シャープでスタイリッシュ、極限まで無駄を削ぎ落とした機能美が特徴的な「DOCUMENT」。
このシリーズの起源である「トライオンバッグ/Aシリーズ」の生みの親でもある寺田為彦さんに、製作の経緯やモノづくりに対する思いなど誕生秘話を伺いました。前後編でお届けします。
きっかけは偶然の出会いから
1980年代はバブル景気で、人々のブランド志向が一気に高まった時代である。
どのファッション誌もページをめくれば華美な広告で埋め尽くされる中、映画のワンシーンのような写真と詩的なコピーで目を惹くのは、新進気鋭のバッグブランド「トライバッグス」の広告だ。デザイナーの寺田氏が欧米での旅の道中、自らシャッターを切った「何者でもない、ただ人がそこに生きている」瞬間。モノトーン調の写真に、意味深な言葉が光る。
「機能は元気か」
それは「あなたが先日買った、我々のつくったバッグは、今も確かに役立っているのか」と問う、当時の「売るが勝ち」的なブランド戦略とは一線を画したプロモーションだった。
1990年代後半に、大阪のなんばシティにバッグ店を構えていた寺田氏は、トライバックスの商品をはじめ様々な革バッグを販売していた。什器も何もないだだっ広い店内を、200号から300号の絵画で埋め尽くしたユニークな店構えだった。

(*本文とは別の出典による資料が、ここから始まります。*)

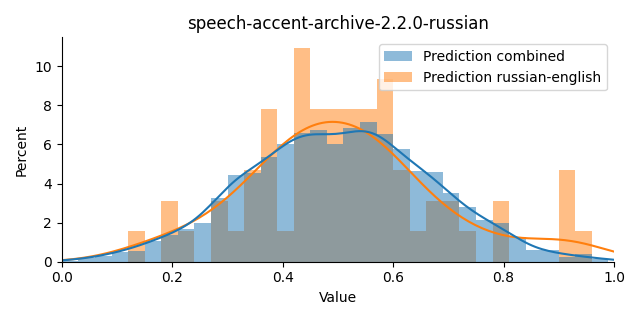 ../../../_images/visualization_speech-accent-archive-2.2.0-russian47.png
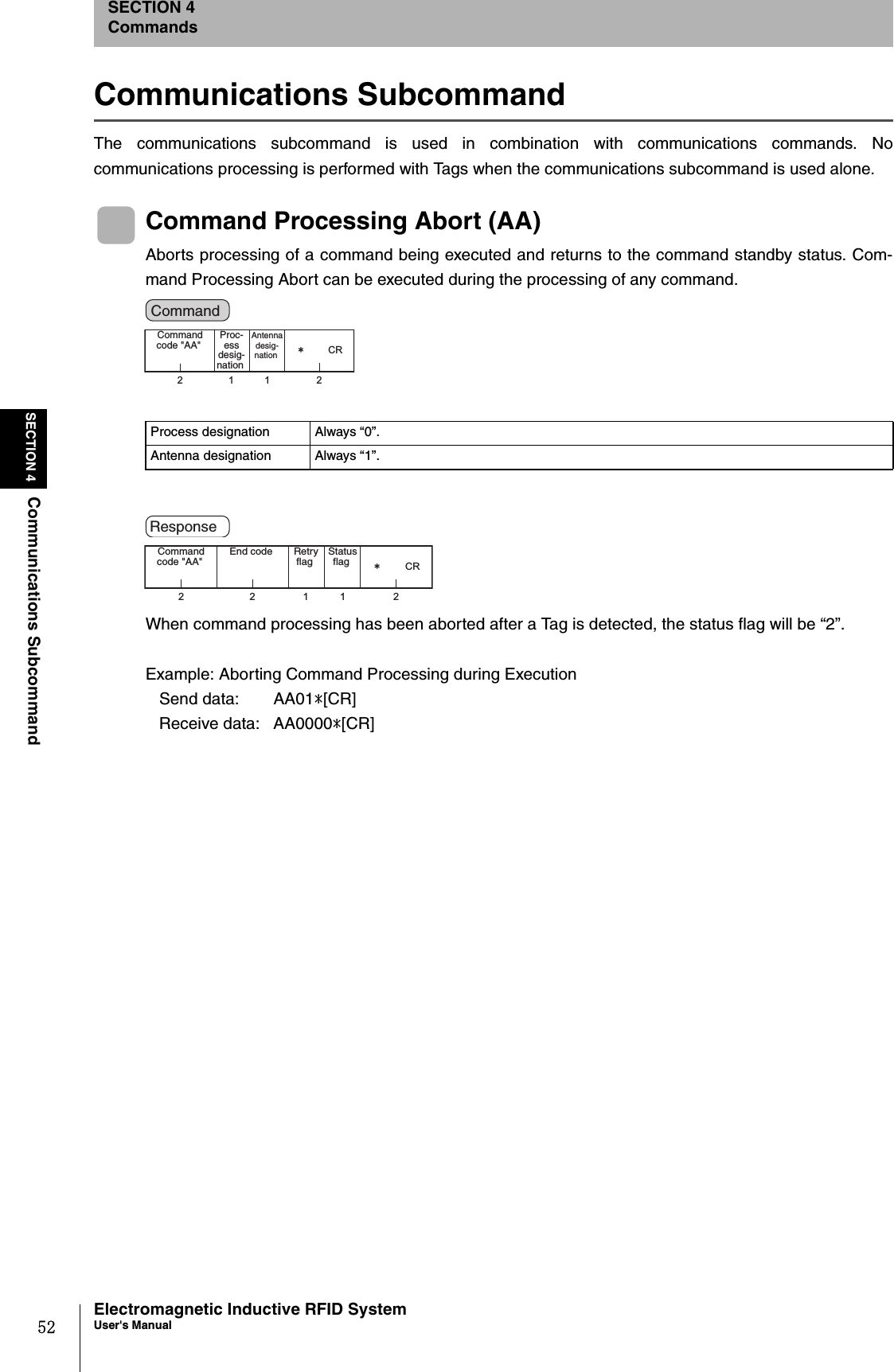 52SECTION 4Communications SubcommandElectromagnetic Inductive RFID SystemUser&apos;s ManualSECTION 4CommandsCommunications SubcommandThe communications subcommand is used in combination with communications commands. Nocommunications processing is performed with Tags when the communications subcommand is used alone.Command Processing Abort (AA)Aborts processing of a command being executed and returns to the command standby status. Com-mand Processing Abort can be executed during the processing of any command.When command processing has been aborted after a Tag is detected, the status flag will be “2”.Example: Aborting Command Processing during Execution   Send data:  AA01*[CR]   Receive data:  AA0000*[CR]Process designation Always “0”.Antenna designation Always “1”.2112㧖CRCommand code &quot;AA&quot;  Proc-ess desig-nation Antenna desig-nation Command 22112㧖CRCommand code &quot;AA&quot;  Retry flag  Status flag End code Response 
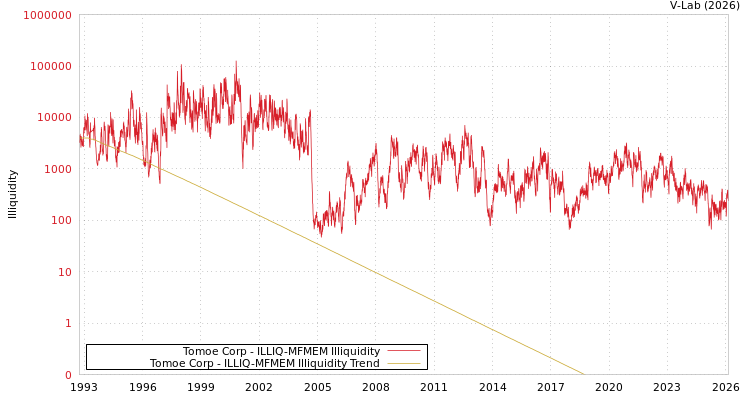 graph of Tomoe Corp ILLIQ-MFMEM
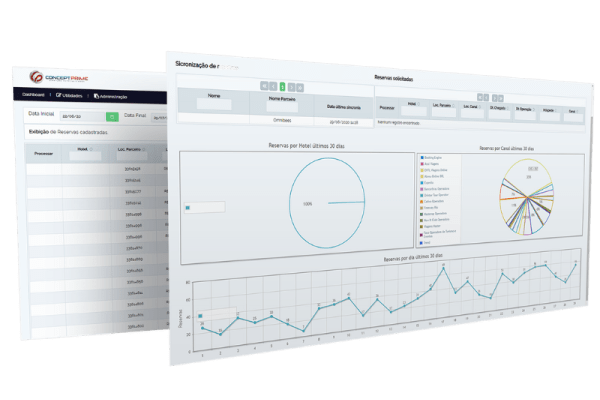 Integrador de Reservas CP Connect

実はその絵画は寺田氏の知人で著名なアーティストの作品なのだが、店の前を通る人々はそんなことは知らない。ただ、風変わりなデコレーションに足を止めて店内に入ると良質で安価な革カバンが並んでいるのだ。
「この小銭入れの形、良いな。うちで真似して作って売っても良いか?」
ある日かけられた、冗談とも本気ともつかない言葉に振り向くと、立っていたのが、トライオンの前社長だった。
「いくらでも作って売って構わんよ(笑)」
初対面で、二人はすぐに意気投合した。
動き出した時間
野球グラブの「機能」を追求してきたトライオンは、革の縫製技術を活かした新規事業として、90年代にバッグという「装飾品」事業をスタートしていた。バブル崩壊以降、ファッション市場のカジュアル化・シンプル化や、低価格・良品質需要に伴い、ライセンスブランドを中心にメーカー問屋の倒産が相次いだ。
それはトライオンのOEM顧客も例外ではなく、売り先を失った大量のバッグが社内に積み上げられていた。寺田氏と出会ったのは、オリジナル製品の確立でバッグ業界への本格参入を模索している時期だった。

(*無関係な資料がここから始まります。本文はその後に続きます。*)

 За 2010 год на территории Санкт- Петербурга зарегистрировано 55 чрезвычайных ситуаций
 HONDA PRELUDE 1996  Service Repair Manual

かつて「西のトライバッグス」とまで称された自社ブランドを持ちながら、やはり時勢の奔流に揉まれて苦渋を味わった寺田氏は、これからバッグ業界に立ち向かう厳しさを痛いほど理解していた。
「とりあえず、いま会社にあるもの持っておいで」
言われるがまま、トライオンの営業担当者が持ち込んだ商品の中から、寺田氏の目に留まったのは、野球グラブの残革で作ったパッチワーク製品だった。高品質でありながら、残革を使用することで低価格に抑えていた本革製トートバッグを、自店で瞬く間に売りさばいた。